Это был он — капитан!

Высокий, красиво одетый джентльмен, стоявший передо мной, до обидного мало напоминал морского волка, которого рисовало мое воображение. Его самоуверенный, немного высокомерный вид, вероятно, испугал бы меня, если бы не теплое, сердечное рукопожатие.

— Очень рад, что вы приехали, фрейлейн…

— Мария, — подсказала я.

Он окинул меня быстрым взглядом. Я вдруг ясно осознала, как должно быть нелепо выглядит мое платье, а предательская шляпка, разумеется, опять съехала на нос. Впрочем, его глаза почему-то остановились на моих туфлях.

Мы по-прежнему стояли в холле. Закончив осмотр, капитан сказал:

— Прежде всего я хотел бы познакомить вас с детьми.

Он достал из кармана странной формы, с орнаментом, латунный свисток и, сунув его в рот, издал несколько замысловатых резких трелей.

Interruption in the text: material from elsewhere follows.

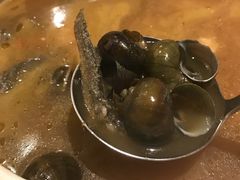 九娘村肉丸泥鳅田螺汤-香宫中餐厅 · 桂林香格里拉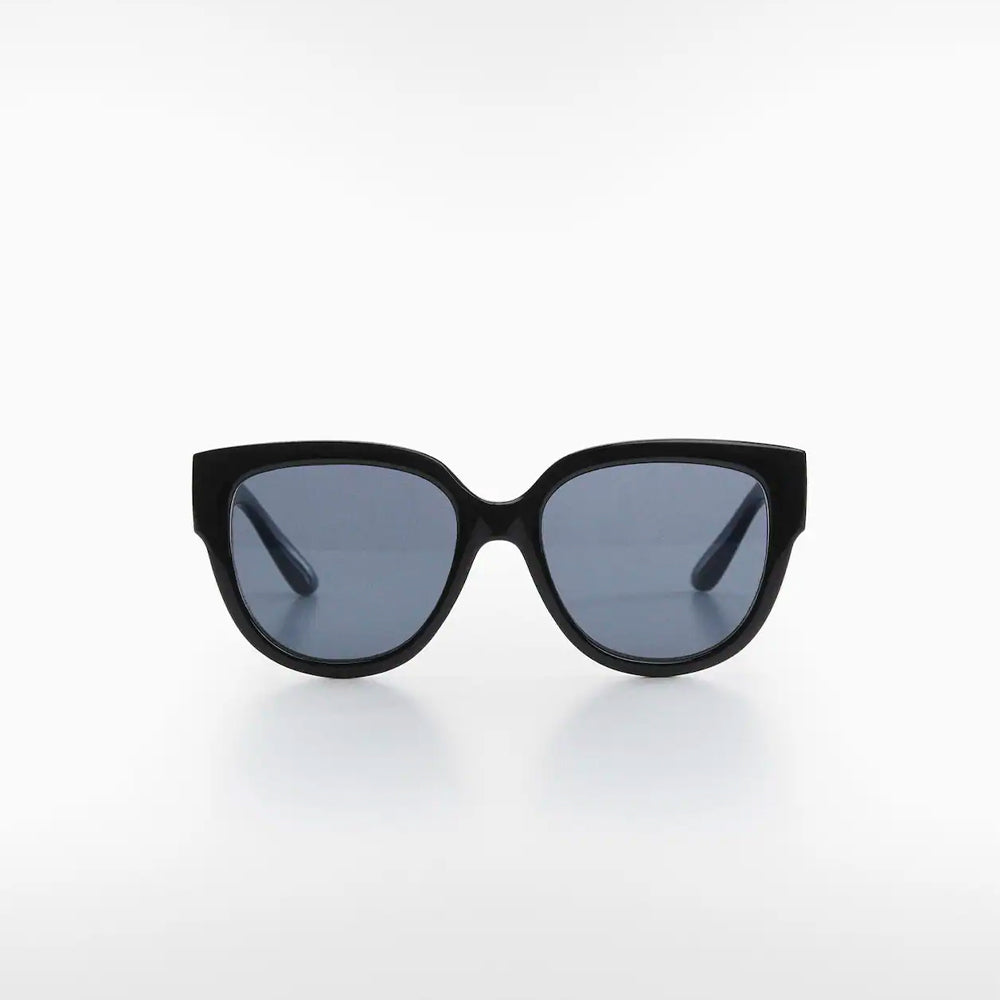 Retro style sunglasses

Должно быть, я выглядела удивленной, так как он пояснил, как бы извиняясь:

— Слишком долго звать всех детей по именам, и я придумал каждому отдельный сигнал.

Я, конечно, ожидала услышать громкое хлопание дверей, гомон веселых голосов, торопливые шаги детей, перепрыгивающих через ступеньки и съезжающих по перилам. Вместо этого на лестнице показалась торжественная процессия, возглавляемая девочкой лет шестнадцати с серьезным выражением лица, — четыре девочки и два мальчика, одетые в матросские костюмы. В полном молчании они спускались вниз, чеканя шаг. Мгновение мы изумленно таращились друг на друга. Я никогда не видела таких безупречных маленьких леди и джентльменов, они никогда не видели такой шляпки.

— Это наша новая учительница, фрейлейн Мария, — представил меня капитан.

— Здравствуйте, фрейлейн Мария, — эхом откликнулся хор из шести голосов и последовали шесть безупречных поклонов.

Это было нереально. Это не могло быть правдой. Я опять сдвинула на затылок нелепую шляпку. Видимо, этого оказалось достаточно. На блестящий паркетный пол упала отвратительная коричневая вещь и, прокатившись, остановилась у крошечной ножки прелестной пухленькой девочки лет пяти. Ехидное хихиканье нарушило тишину. Лед был растоплен, и мы все засмеялись.

— Это Иоганна, — представил отец хихикавшую девочку. — А это наша малышка, Мартина.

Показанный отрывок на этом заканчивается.